Christianity provides a unique insight into human rivalry, but is not alone in that, in fact, in the ancient

Hebrew scriptures, we see, over time, an increasing awareness of rivalry and its negative impact in the world. Today, our Old Testament story about Naaman, with his leprosy, highlights the frequency of rivalry. Right from the start we are alerted to rivalry as we are introduced to Naaman as one who fought against the king of Israel. That king’s ego had stupidly driven him into battle in order to take what belonged to others. Prior to that, he had killed one of his own people and taken his land. Later, when Naaman’s own king sent a letter to the king of Israel, asking for help for Naaman, the king of Israel had interpreted it as picking a fight. Suspicion is a form of rivalry. Later, Naaman engages in rivalrous behaviour when he is indignant that the prophet offering him healing, fails to recognise the superiority of the rivers he could have washed in back home. Ranking things or people above or below each other is a form of rivalry. In contrast, those who do not engage in rivalry include Naaman’s wife’s servant-girl, who was kidnapped in battle and you would expect to treat Naaman as her rival, but instead, offers to help him, and his own servants, who tell him to pull his head in and humble himself enough to get the help he needs. This story is a remarkable critique of rivalry, considering it even critiques the king of those who told it – in a time when that was not fashionable. For us though, stories like that are safe, but subversive stories, in that they allow us to see ourselves in the story, how sometimes we behave like the characters in the story, but also, that our behaviour, when like that, is called into question.

When the writer of Luke’s Gospel wrote a mission statement for the church, he said what we have to do is take God’s peace into the world. That means to go out and be with others in a non-competitive way. Be with others, but free from rivalry. He warns that we will come into conflict with others though, because we are challenging the way they value themselves.
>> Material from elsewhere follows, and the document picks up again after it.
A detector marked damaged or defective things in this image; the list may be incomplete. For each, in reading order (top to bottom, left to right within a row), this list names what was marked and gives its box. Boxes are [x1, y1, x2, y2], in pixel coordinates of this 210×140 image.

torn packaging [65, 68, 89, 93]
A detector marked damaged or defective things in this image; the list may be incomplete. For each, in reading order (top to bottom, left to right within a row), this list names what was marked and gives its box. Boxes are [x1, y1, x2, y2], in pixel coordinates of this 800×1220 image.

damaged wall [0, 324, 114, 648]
Some people see their value coming from how many others they can climb over, how much power they acquire, or just how much they achieve in comparison to others. He suggests if you come across people who reject non-rivalry, don’t fight against them. That would be going against the very thing you stand for. On the other hand, there are people out there who already get the whole non-rivalry thing. They already live that peace to some degree or other. What that means is the peace or non-rivalry, which is the perspective of Jesus, is already at work in the world, before we go out to share it. It goes before us. That’s represented in bible stories, by Jesus always going ahead of his disciples, in their journeys. Our mission, as Christians then, is to open our hearts to the Holy Spirit, or the perspective of Jesus, already at work in the world, but we can only do that if we are already letting go of rivalry and allowing that perspective of Jesus to be the spirit which drives us.
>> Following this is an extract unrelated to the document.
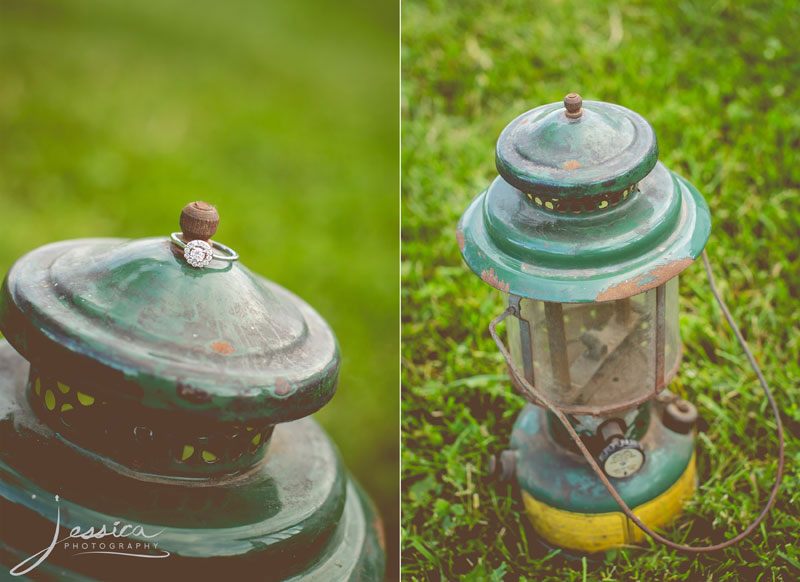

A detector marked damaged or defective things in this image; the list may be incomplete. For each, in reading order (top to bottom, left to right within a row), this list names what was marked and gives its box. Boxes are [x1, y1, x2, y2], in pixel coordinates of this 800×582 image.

When the Holy Spirit drives you, you are freed up from rivalry, and so less judgemental, more compassionate and forgiving, and find greater joy in helping others. But you also develop an extraordinary capacity for creativity. If we go to the story of Jesus’ resurrection, we get Jesus, having taken on the rivalry of the world, but then raised to life again, which means he is then humanity free of rivalry. He is humanity, free of any of the restrictions, or oppression, that comes with rivalry. We get a taste of what that’s like in our relationships with those who are dear to us. We can do so much, create so much, when we feel loved and are free to be ourselves, and find pleasure in allowing others to be themselves. Imagine what we can do as community. There is no blueprint for that, however. No plan. Jesus just said that we would be even more creative than he was. The only thing that is clear, is what the cross and resurrection have given us, which is the edge of rivalry – where rivalry stops and we can begin to live another way. The personal significance of that, is that if we go to the place in our own lives where we manifest rivalry most of all, by accepting that darkness for what it is, as Jesus did with human rivalry in general, there we shall find within ourselves, a capacity for extraordinary things.